To understand human activity, it’s important to look at the relationship between humans, the objects they interact with and the environment. This work was looking to learn about human activities taking place from long-term observation of a human populated environment (an office) by an autonomous mobile robot.
A mobile robot wandered around in the School of Computing at the University of Leeds to collect this data over time and then observed the patterns in the spatial and temporal relationships between objects and the humans. For example if one person makes a coffee, the pattern would be similar for another person who makes a coffee.
“A human is detected on its RBGD camera using off–the–shelf detectors which are convolutional neural networks trained on thousands of human poses – the result is a frame-by-frame representation of a human as a set of 15 body joint locations. The qualitative spatial relations then encode how the hands of the human are interacting with nearby objects in the environment,” explains Professor Cohn. “The system then learns activity models in an unsupervised manner.”
As well as human movement, the robot also needs to be able to detect and track objects in real time, which has been a challenging problem. Detecting and tracking arbitrary objects in real time from a robotic platform poses additional difficulties. Therefore to learn the position of interesting objects within an environment, the robot first had to pre-build a 3D model of its environment.
This work enables a robot to learn about what humans do and how, contributing to its model of human intelligence. Whilst the performance of state-of-the-art robot perception is still far from human-level perception, this project demonstrates that it is possible for robots to learn consistent and meaningful patterns of detailed 3D human body pose sequences using unsupervised learning methods from multiple human observations in real-world environments.

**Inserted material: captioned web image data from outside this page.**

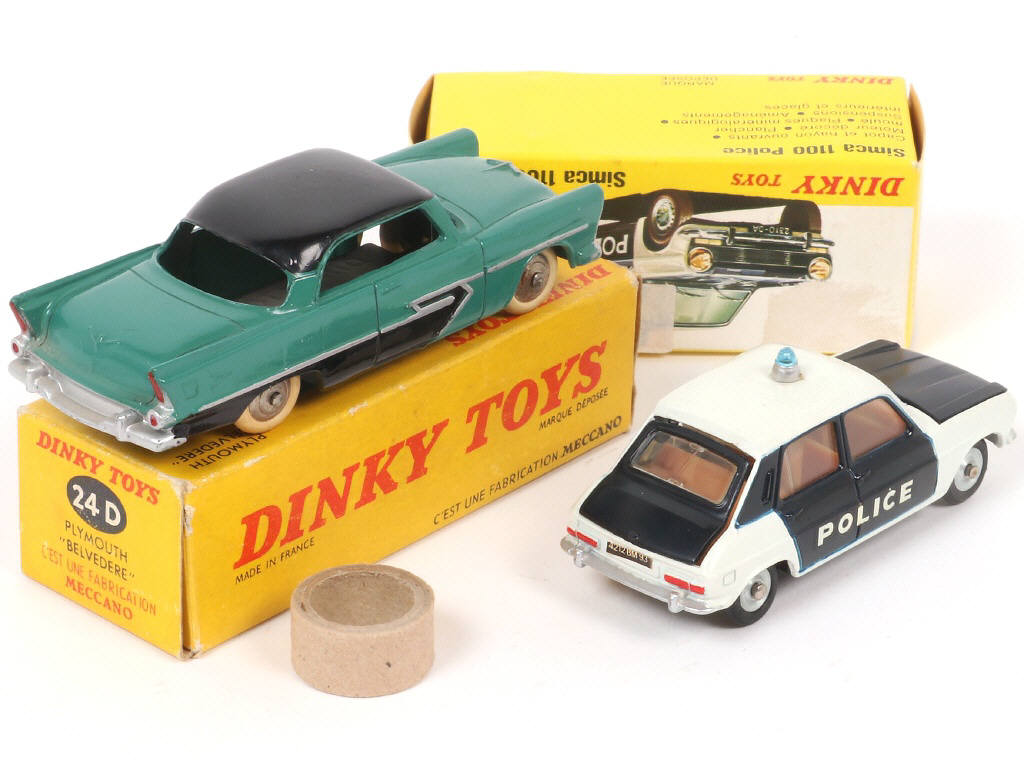 Lot 352 - DINKY TOYS (FRANCE) (2)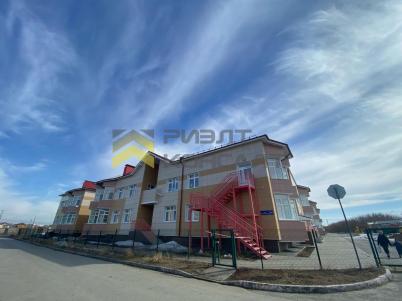 Продажа квартиры Омск. улица Верхнеднепровская, 275, к.4
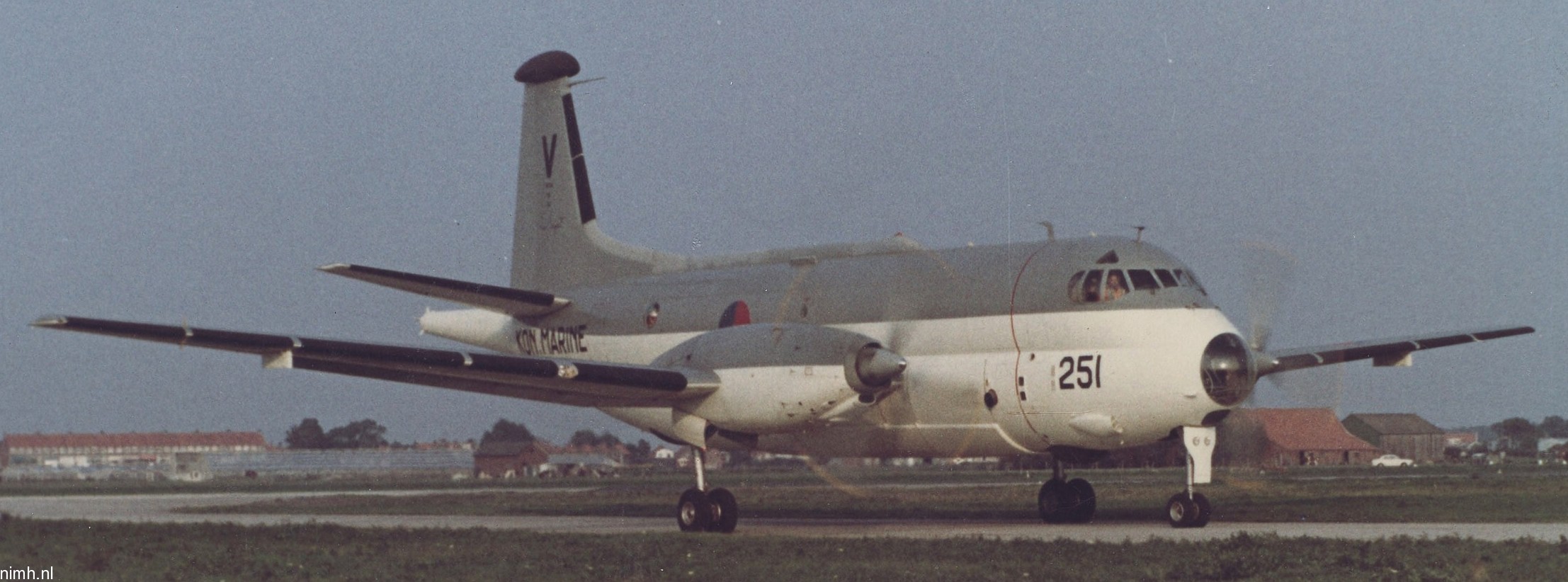 sp-13a atlantic breguet br-1150 patrol aircraft royal netherlands navy koninklijke marine 251 02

“Projects before this have used an application of AI, but this is hard core research into artificial intelligence and computer vision applied in a robot,” says Professor David Hogg.
The mobile robot dataset has been made openly accessible (http://doi.org/10.5518/86) and open source software has been developed (qsrlib.readthedocs.org) to simplify the process of extracting spatio-temporal relationships from video data.
This work will help other human activity analysis researchers to move away from standard offline approaches where pre-processed visual data sets are used, to this solution which has been developed to generalise to real-world environments that mobile robots actually inhabit. These solutions provide exciting opportunities for the evolution of mobile robotics research in the long-term. Robots are becoming more and more widespread in everyday human-inhabited environments, rather than the traditional human-free factory settings where they have been deployed for many years; techniques such as these will mean that robots can learn about and interact with the humans they encounter in these environments.
This work was funded by the EU under the STRANDS project (600623) and formed the PhD work of Paul Duckworth who is now a postdoc at the University of Oxford, working in the robotics group of Prof Nick Hawes, who directed the STRANDS project when he was at Birmingham University.